OAKLAND — “I feel very accomplished right now,” Tierra Umi Wilson says shortly after her December performance at Oakland Arena, where she opened for one of her biggest role models, Jhené Aiko. The 24-year-old Seattle native, now living in Los Angeles, overcame technical problems that first delayed her set and then stopped opening track “sorry” midway through, but she looks it at from another perspective.

talking to the wind
UMI

Self-released, Jan. 19
Get the album on Amazon Music.

“If anything, it gives you a version of the show you never could have expected,” says the neo-soul artist, better known as UMI, decompressing at a café backstage. “I always use it as an opportunity to connect with people differently. When I was up there, I was yelling and asking, ‘What’s your name? What’s your favorite color?’ … Keeping some kind of communication and connection makes it feel seamless. It makes the show feel special. I found somebody with a birthday, too. If the mic was out any longer, I would sing ‘Happy Birthday.’ That was the next step in my head. I’m thinking ahead.”

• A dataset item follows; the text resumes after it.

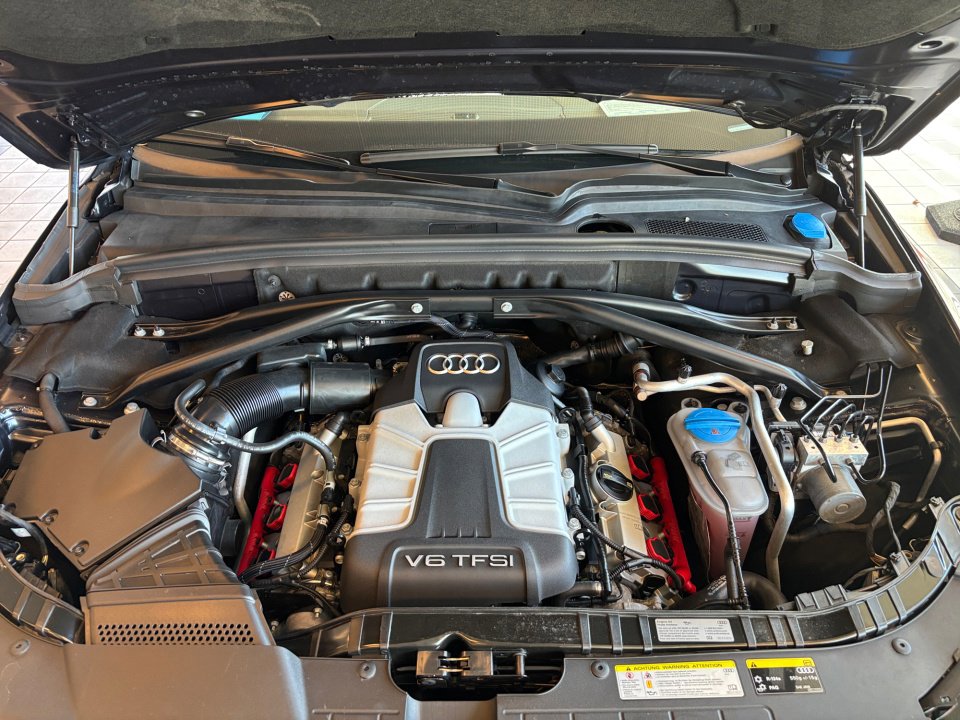 Used 2016 Audi Q5 3.0T Prestige image 16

UMI, who identifies as queer and uses both she and they pronouns, has been going with the flow for much of her time in the music industry. She started like many by posting covers online when she was in high school and starting to grow a following. Born to a Japanese mother and African American father—something she has in common with Aiko—she found influence in soul and gospel music from her dad’s side of the family and Japanese music and art from her mom’s.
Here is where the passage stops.